Scuba diving in Tubbataha
Tubbataha is a beautiful coral reef located in Sulu Sea; 98 nautical miles (181 km) southeast of Puerto Princesa City in the Palawan Province. It is a National Marine Park and is nominated to be one of the New 7 Wonders of Nature. This Sanctuary is considered one of the most famous diving destinations in this area. Not only because of its beautiful coral reefs but also because it has a variety of sea lives like giant jacks, hammerhead sharks, barracudas, manta rays, palm-sized Moorish idols, parrot fishes and moray eels. It is home to the endangered species; hawksbill sea turtles.
Always dive according to your level of training.
Never enter the water without checking with the local dive center for safety, additional information, level required for each dive site and without being accompanied by a professional.
All the information provided is purely informative for our readers and shouldn't be used as is to plan your immersion.
Average Water surface temperature: From 26°C to 30°C (80 °F to 86°F).
Average visibility: 16 to 114 feet (5 to 35 meters) depending on the tied.
Best time to dive from end of March to June.

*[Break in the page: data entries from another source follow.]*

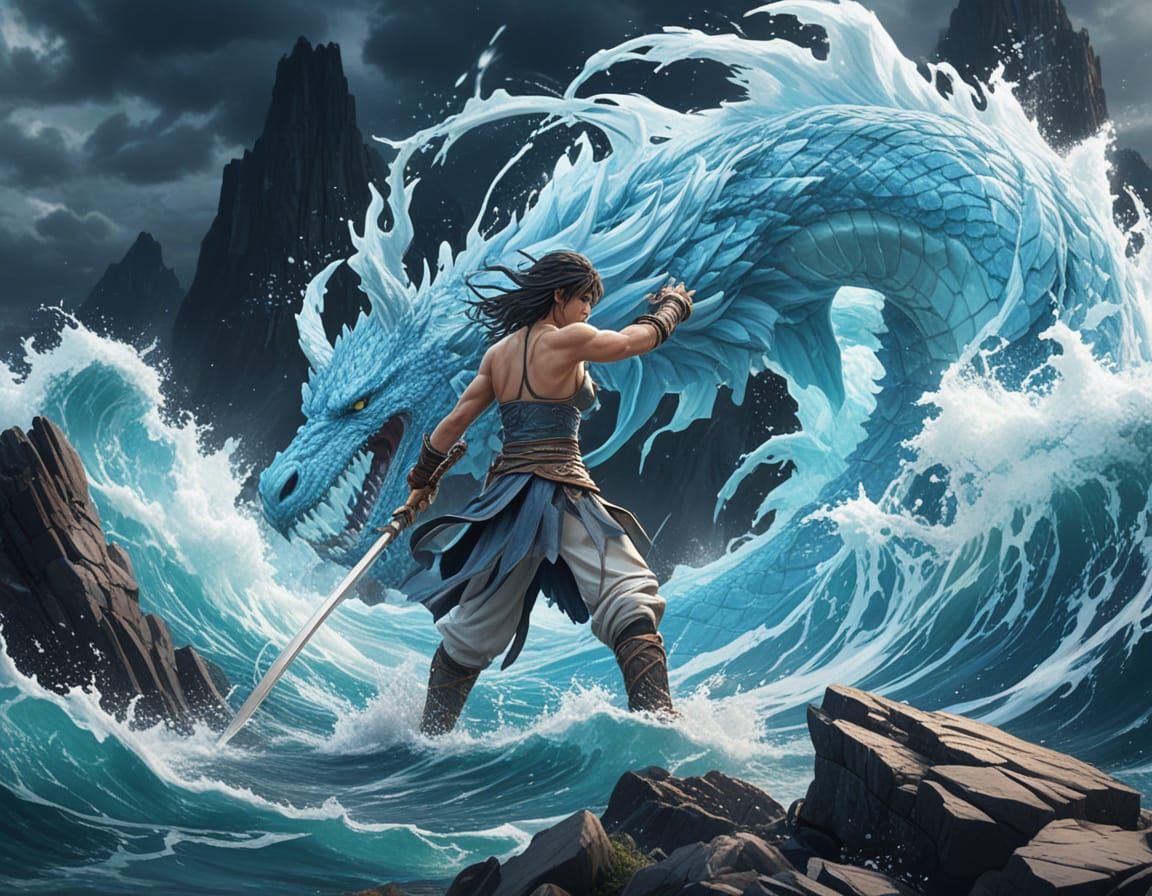 Anime Warrior Unleashes Colossal Water Serpent Attack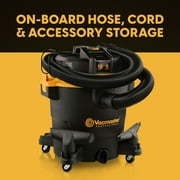 Vacmaster 12 Gallon 6.0 HP 143 CFM Plastic Wet Dry Vacuum and Blower, Black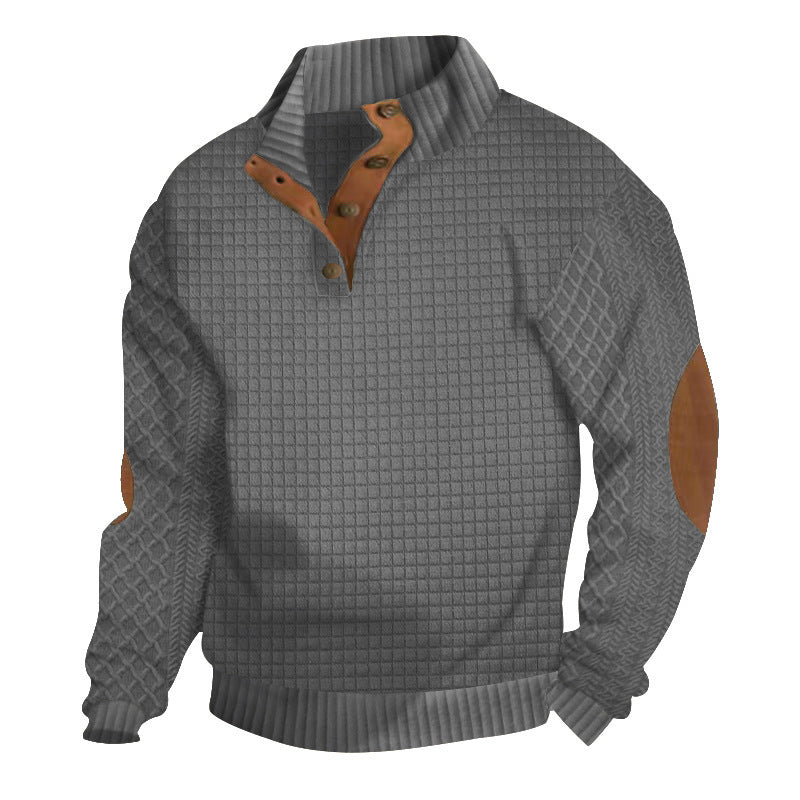 Men's sweater with high collar and leather applications Lune London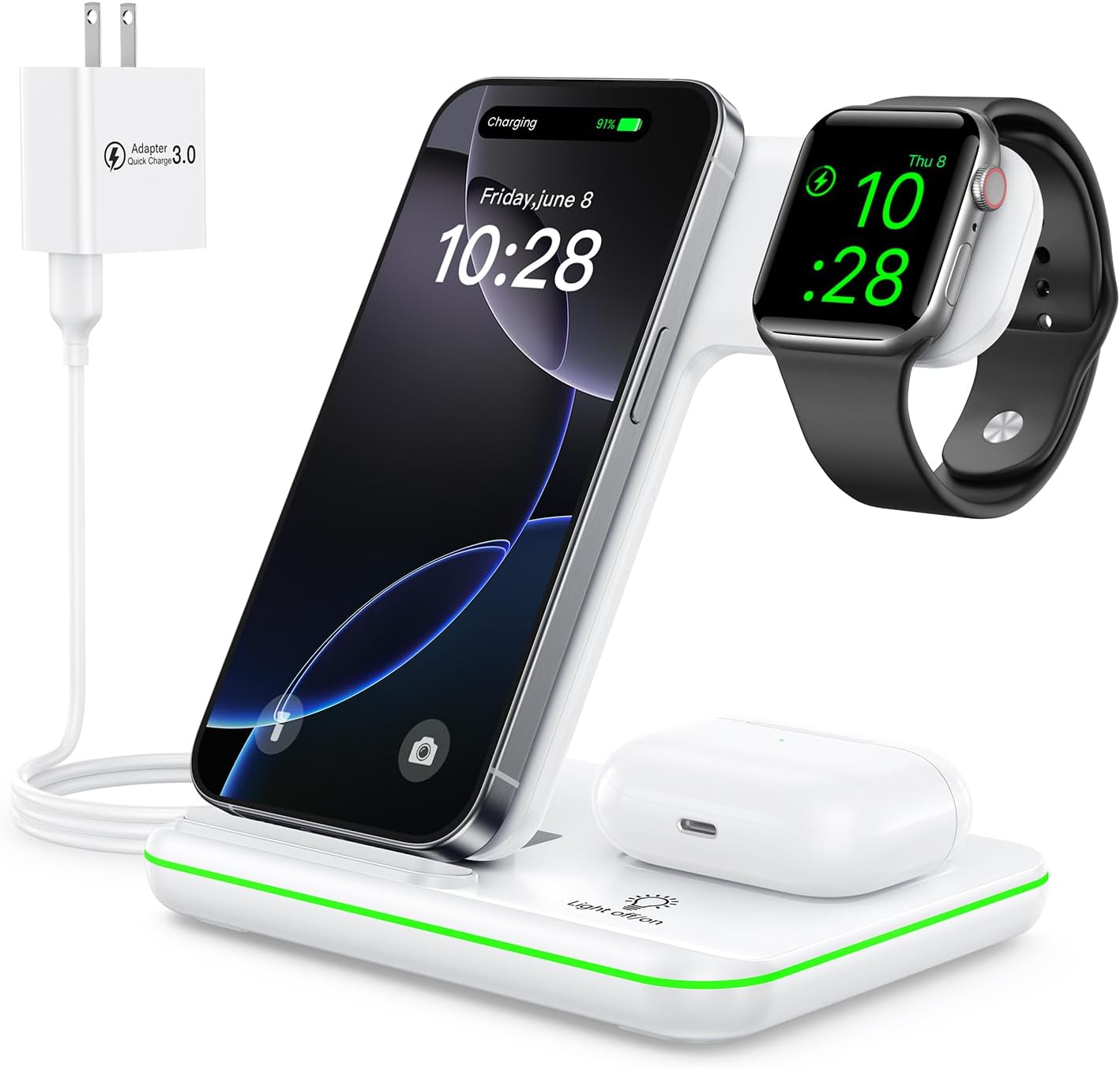 15W Fast Wireless Charger 3 in 1 for Apple Watch, AirPods & iPhone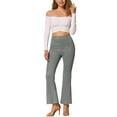 thumbnail image 2 of Pantalones Flare Sólidos de Mujer INSPIRE CHIC con Cremallera Lateral Oculta de Suede Sintético Color Gris, 2 of 5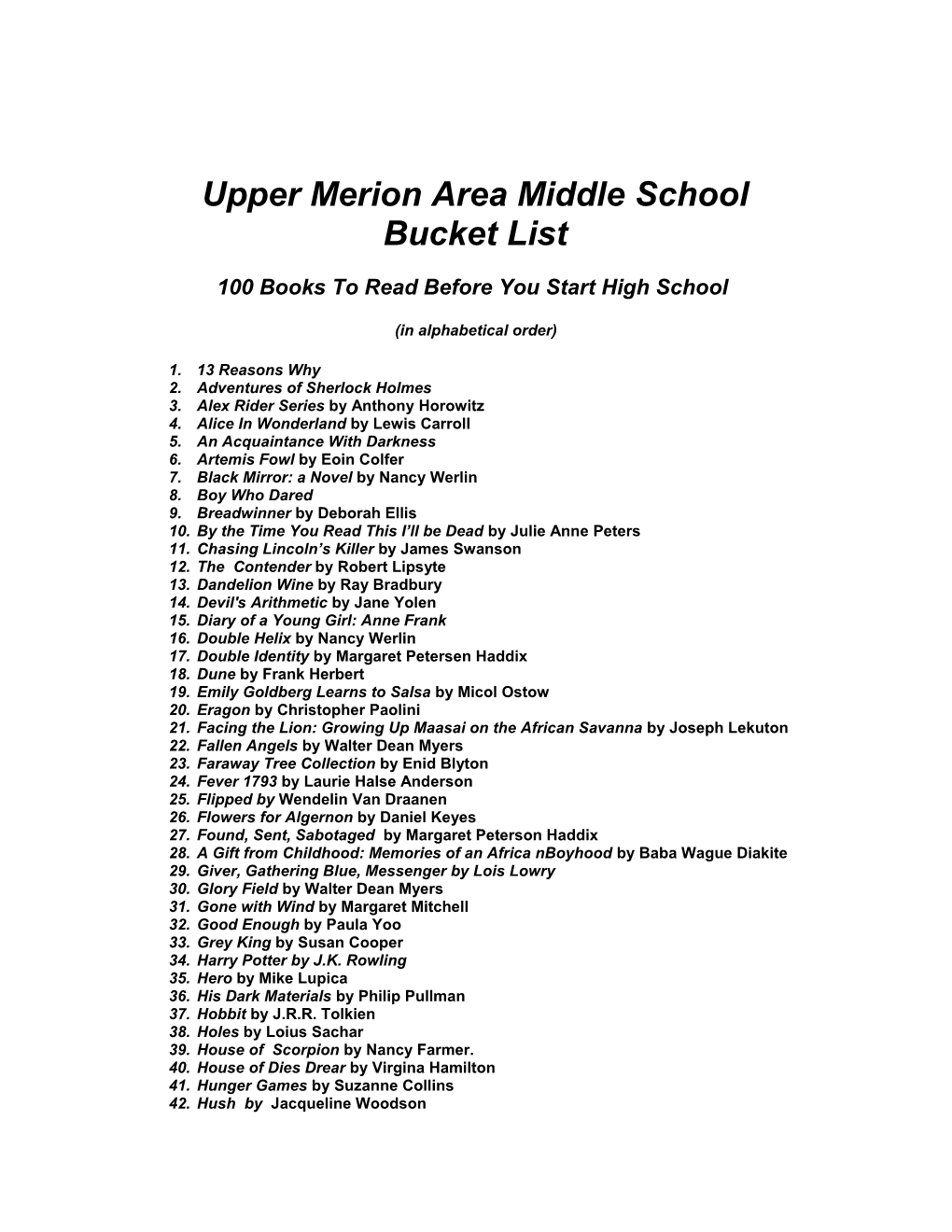 Uppermerionareamiddle School Bucket List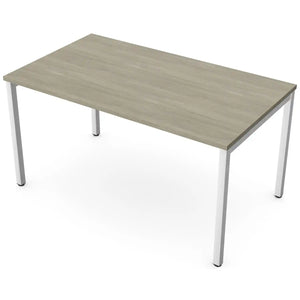 Desk 140cm wide with 80cm depth, Arctic Oak top and white frame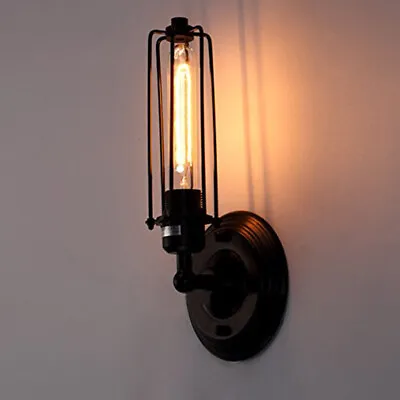 Vintage Industrial Wall Lamp Light Wire Cage Sconce Bar Edison Fixture Steampunk • $34.99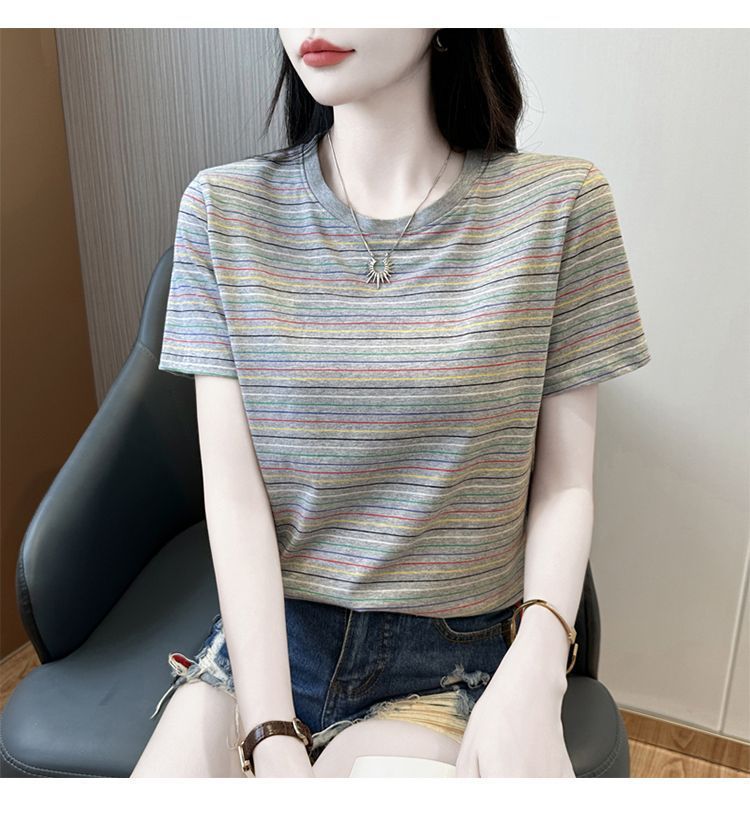 Striped T-shirt Large Size Women's Clothing New Summer Clothing Foreign Style Shirt Age-reducing Casual Loose T-shirt Short-sleeved Top_ecoleips.com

Possible to dive all year round.
Tubbataha Reef is only accessible by live-aboard. Departures are usually from Puerto Princesa and the navigation time is approximately 10 hours. Be advised that it's better to book your trip well in advance as they are in very high demand and the places are limited. These trips usually last about 5 nights and 6 days but of course this may vary . it's advisable to get a booking on the bigger steadier vessels as the seas can get pretty rough here and a small vessel will then be uncomfortable. Access to Tubbataha Reef is limited to only three months a year that is from about mid-March to June. For the rest of the year the sea conditions are too rough. If you want to have the calmest conditions then it's best to aim at being there in April or May. The strong currents here makes it possible to do a lot of drift diving and night dives are possible when there's no current.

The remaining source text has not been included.